# Is it safe to use 'cp -r' in FreeBSD?



## chuan huang (Nov 12, 2016)

Hello,

The command 'cp -r' is used to copy files recursively from one position to another position in Linux. I found this command also works well in FreeBSD. However the '-r' option is not mentioned in the man page of 'cp', although there is an equivalent option '-R'. So, I was wondering whether is it safe to use 'cp -r' in FreeBSD.

Additionly, to copy an entire directory, we need to make sure the endmost '/' of a directory is omitted in 'cp -R'. Is there any way to work around this? (That means keep the '/' and copy the whole directory)

Thanks.


----------



## topcat (Nov 12, 2016)

As regards the use of the -r flag, here's what the man page of cp() has to say:



> Historic versions of the cp utility had a -r option.
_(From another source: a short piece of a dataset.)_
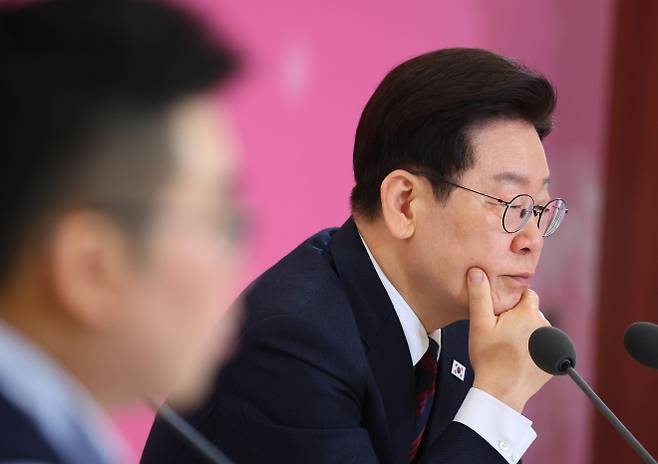 참석자 발언 듣는 이재명 대통령 - 이재명 대통령이 19일 경제사회노동위원회 제1기 출범을 맞이해 청와대에서 열린 노동정책 토론회에서 참석자 발언을 듣고 있다. 2026.3.19 연합뉴스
This implementation supports that option, however, its behavior is different from historical FreeBSD behavior. Use of this option is strongly discouraged as the behavior is implementation-dependent. In FreeBSD, -r is a synonym for -RL and works the same unless modified by other flags. Historical implementations of -r differ as they copy special files as normal files while recreating a hierarchy.



-L follows symlinks, btw. HTH.


----------



## ANOKNUSA (Nov 13, 2016)

At the risk of presuming too much: just rewrite your scripts to conform completely to FreeBSD conventions. If they're vital to your day-to-day work then the small cost of a few keystrokes now could save you the cost of a whole day fixing a disaster.


----------